## Records supplied

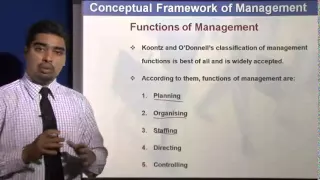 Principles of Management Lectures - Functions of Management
---
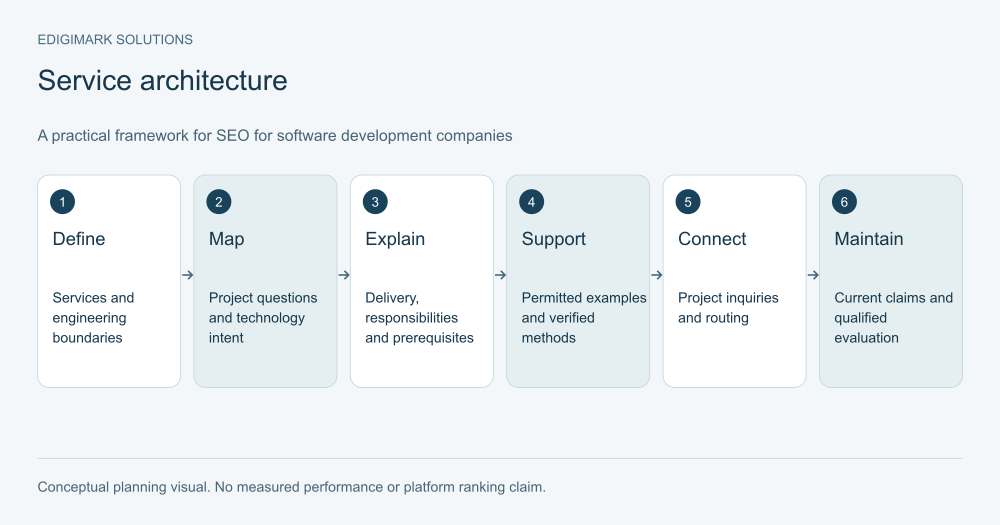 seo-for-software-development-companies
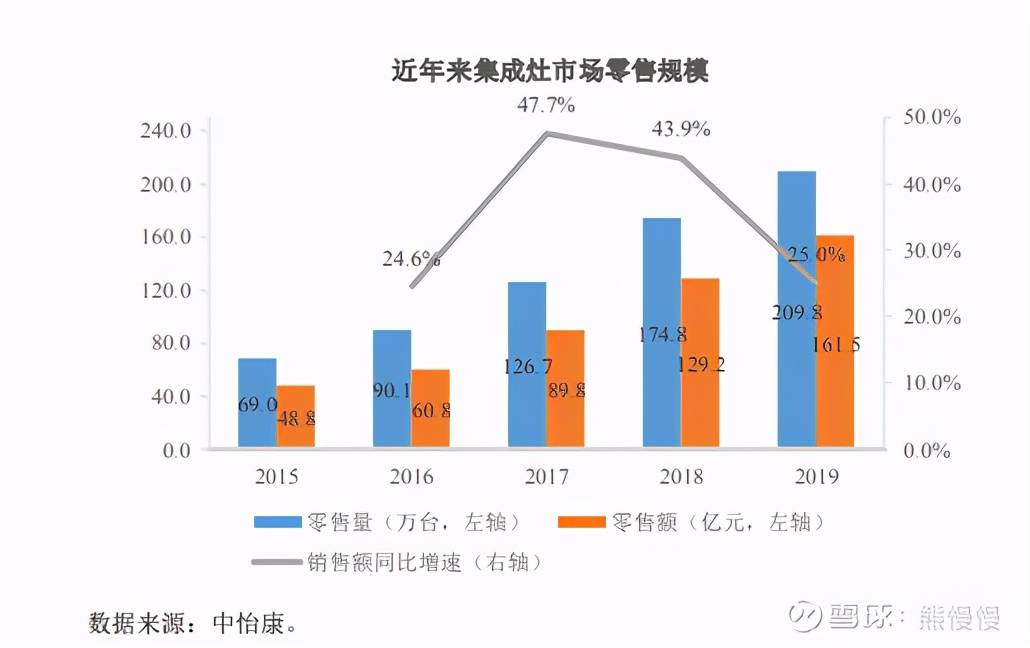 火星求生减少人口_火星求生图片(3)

## Requirement
Copy word for word the span of the records above that begins at the line with "seo-for-software-development-companies" and ends at the line with "火星求生减少人口_火星求生图片(3)", including those two lines but not the pictures.

## Response
 seo-for-software-development-companies
 火星求生减少人口_火星求生图片(3)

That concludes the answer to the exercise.